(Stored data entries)
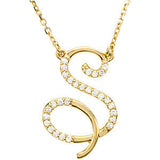 14K White Letter "K" 1-6 CTW Diamond Initial 17" Necklace
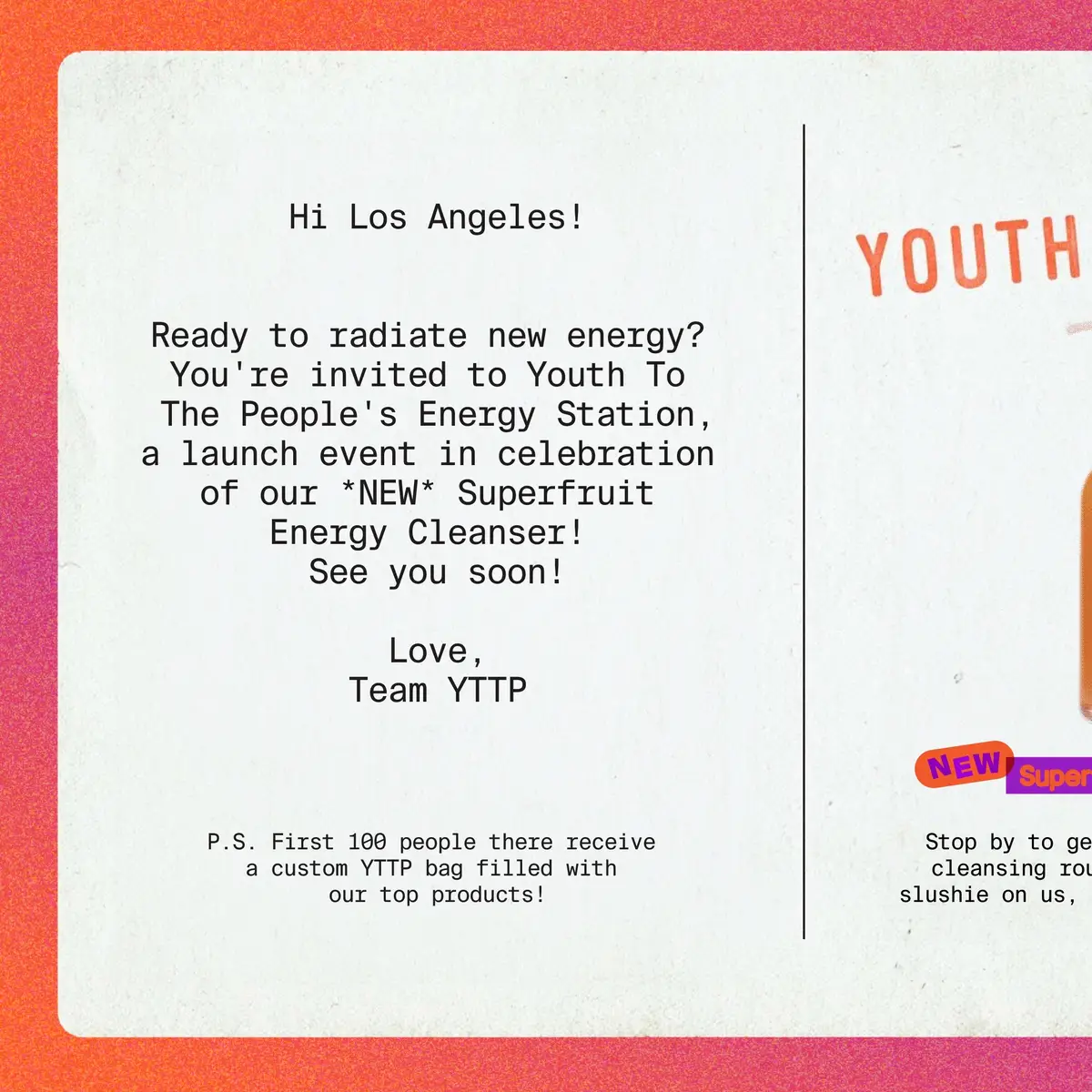 Hi Los Angeles! Come hang out with us THIS Friday, 9/20 from 4-9PM and get some free skincare goodies, a skin analysis, and more! RSVP link in the bio.  #youthtothepeople 
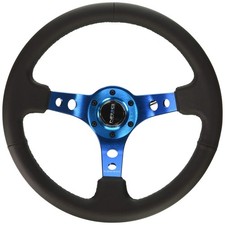 Nrg Innovations 350mm Blue Spoke Black Leather Steering Wheel 3 Deep Round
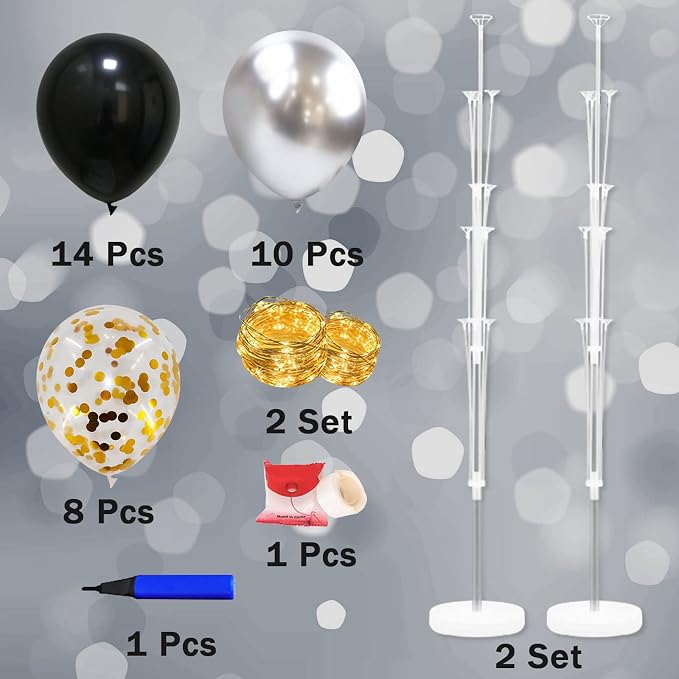 Cicicooie Balloon Centerpieces for Floor with String Light 2 Set Black Balloon Stand Kit Holder Decoration for Wedding Adult Birthday Party Men Bachelor Party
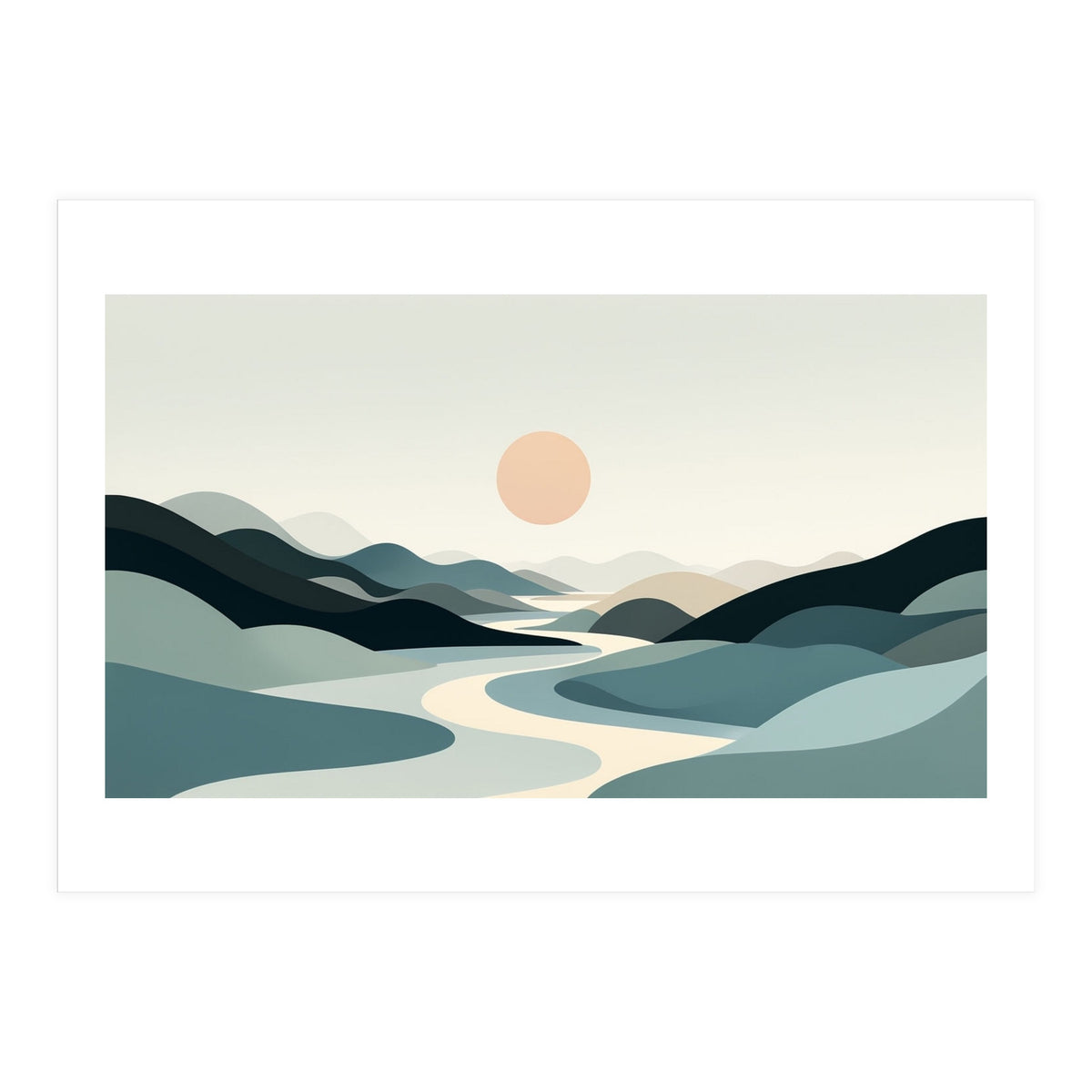 Serene Horizon: Minimalist Organic Landscape (Print Only)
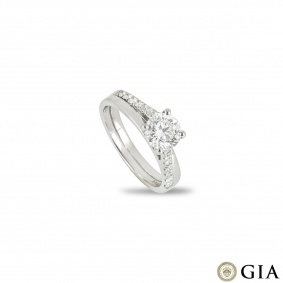 Platinum Round Brilliant Cut Diamond Ring 1.02ct E/SI2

Exercise prompt: The entries above are to be repeated exactly, except for any pictures.

Output for this task:
 14K White Letter "K" 1-6 CTW Diamond Initial 17" Necklace
 Hi Los Angeles! Come hang out with us THIS Friday, 9/20 from 4-9PM and get some free skincare goodies, a skin analysis, and more! RSVP link in the bio.  #youthtothepeople 
 Nrg Innovations 350mm Blue Spoke Black Leather Steering Wheel 3 Deep Round
 Cicicooie Balloon Centerpieces for Floor with String Light 2 Set Black Balloon Stand Kit Holder Decoration for Wedding Adult Birthday Party Men Bachelor Party
 Serene Horizon: Minimalist Organic Landscape (Print Only)
 Platinum Round Brilliant Cut Diamond Ring 1.02ct E/SI2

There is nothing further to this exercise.